Overview of the hazard ratios of all proteins. Volcano plot showing log hazard ratios and p-values of plasma proteins for major adverse cardiovascular events in patients with stable coronary artery disease. Proteins associated with adverse outcomes at a level of significance of 0.05 are presented as black dots. Proteins with a statistically significant association with outcomes after adjusting for multiple comparisons (p < 0.001) are presented as labeled red dots. CCL3, C-C motif chemokine 3; DCN, decorin; FGF-23, fibroblast growth factor 23; TNFRSF13B, tumor necrosis factor receptor superfamily member 13B; TNFRSF10A, tumor necrosis factor receptor superfamily member 10A; TRAIL-R2, tumor necrosis factor-related apoptosis-inducing ligand receptor 2.

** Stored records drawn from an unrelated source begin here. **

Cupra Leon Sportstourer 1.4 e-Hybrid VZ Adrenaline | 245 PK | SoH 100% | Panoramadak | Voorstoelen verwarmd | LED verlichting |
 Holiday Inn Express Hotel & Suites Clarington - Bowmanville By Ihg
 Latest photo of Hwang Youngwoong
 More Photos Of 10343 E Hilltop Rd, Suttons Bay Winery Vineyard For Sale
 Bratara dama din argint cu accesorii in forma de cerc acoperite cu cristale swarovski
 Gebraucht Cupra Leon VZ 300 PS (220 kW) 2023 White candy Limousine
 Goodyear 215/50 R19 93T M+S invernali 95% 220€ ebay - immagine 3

In post-hoc analysis, the following statistical power was obtained for each of the six mediators: 78.8% for TNFRSF13B and DCN, respectively, 82.3% for TNFRSF10A, 74.6% for TRAIL-R2, 70.0% for CCL3, and 68.7% for FGF-23, as individual parameters associated with MACE.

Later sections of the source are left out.